In the true spirit of GST

Sunil Jain | Updated on: Jan 19, 2018


States should include alcohol in goods and services tax. This will nip the parallel economy it generates in the bud

The GST Constitutional Amendment Bill is currently a work-in-progress in the Rajya Sabha. After it is passed there, the Bill will be debated and taken up for voting in the State assemblies.

While the States are worried about protecting the tax base, the Centre is concerned about the compensation it will need to pay to nudge the States towards faster implementation. In itself, compensation is critical enough to impact the very design of the GST regime.

This ongoing negotiation recalls a major standardisation and unification exercise undertaken in relation to local sales tax when value added tax (VAT) laws were introduced to replace the archaic sales tax regime in various States, a decade ago. Compensation was a serious issue then, and it is a serious issue now.

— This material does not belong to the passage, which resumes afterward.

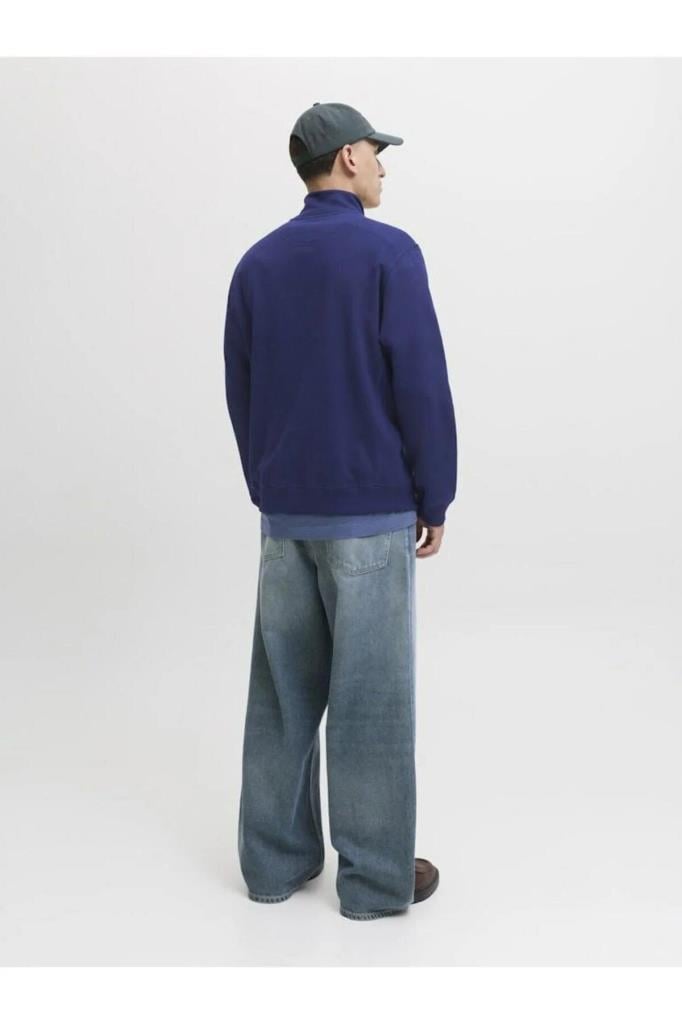 Jack&Jones 12282899 JORNORREBRO EMB SWEAT OCEAN CAVERN ERKEK SWEATSHİRT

Simple in theory Practical experience underscores the need for a robust and comprehensive input tax credit mechanism such as GST in respect of all the items. All taxes paid on purchases should be subtracted from the sales tax collected on sale of goods and services, and the balance should be paid to the government. In practice, however, it is not so simple. Not all the goods will be part of the GST regime.

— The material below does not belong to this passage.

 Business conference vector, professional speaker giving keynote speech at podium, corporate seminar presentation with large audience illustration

States generate a major portion of their revenues from levies on alcoholic beverages, land and buildings, petro products, stamp duties and municipal levies, and thus these levies have been kept out of the current GST design.

Petro products are part of the GST Bill but will be brought under the GST chain sometime. However, tax on alcoholic beverages has been carved out as an exception to the definition of GST itself. Accordingly, another historical and extremely laborious exercise of constitutional amendment and consensus building across India will be required to bring alcoholic items under GST regime.

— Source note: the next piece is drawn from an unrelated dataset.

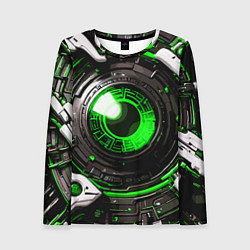 Женский лонгслив Зелёная сфера киберпанк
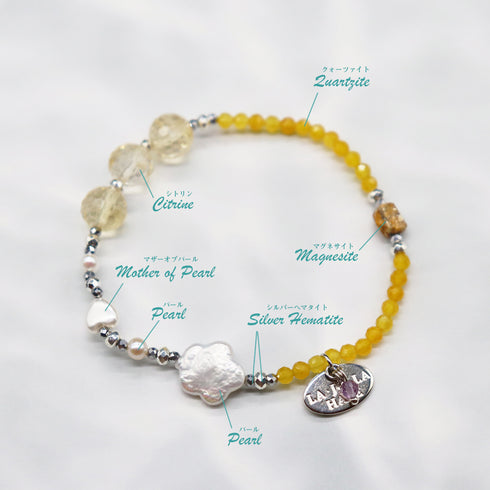 【Mermaid Teardrops】パール×シトリン×クォーツァイト ブレスレット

State governments control the entire cycle of manufacturing, distribution, retailing and pricing of liquor. The output of liquor factories is subject to State excise duty and sales tax. All imported raw material and constituents are subject to customs duty on imports.

The liquor taxation policy in States is the single biggest source of opacity, political patronage, nepotism and corruption. Non-transparent systems, price distortions, illegal imports in the high tax States or those under prohibition, and systemic distortions are the other hallmarks of the current State specific regimes. The compliance mechanism, including return filing and processing, leaves much to be desired in terms of speed of disposal of assessments, appeals, and reduction of backlog; this is despite the introduction of electronic and computerised filing in many States.

In all such cases, manual filings and systemic processes leave a lot of scope for subjectivity, document pilferage and lack of audit trail. If State level levies such as alcohol excise and other taxes are brought under GST, there will be an incentive to make a complete record of all the manufacturing and trade in liquor. It is an open secret that much of the trade in liquor is off the books leading to wholesale leakage and unbridled corruption. This will also help reduce spurious liquor and law and order issues.

Alcohol under GST Interestingly, various reports indicate that organised domestic and multinational players themselves want the inclusion of alcohol under GST. Their argument is that leaving out alcohol creates distortion as all inputs and imports will suffer GST and outputs from factories will attract State excise and sales tax. In other words, the input tax credit chain will break leading to cascading and high prices. Incentives to continue major amount of trades in a parallel economy will be strong.

In the somewhat pro-socialist set-up of public policy discourse in India, it is difficult to talk about ushering in transparency and simplicity in a sector as ‘sinful’ as alcohol for human consumption. In fact, a usually safer bet is to advocate levy of exorbitant ‘sin’ tax on such ‘demerit’ goods.

However, key items cannot be left out of the reach of GST merely because negotiations on such items are complicated and involve a mutual give and take between the Centre and States.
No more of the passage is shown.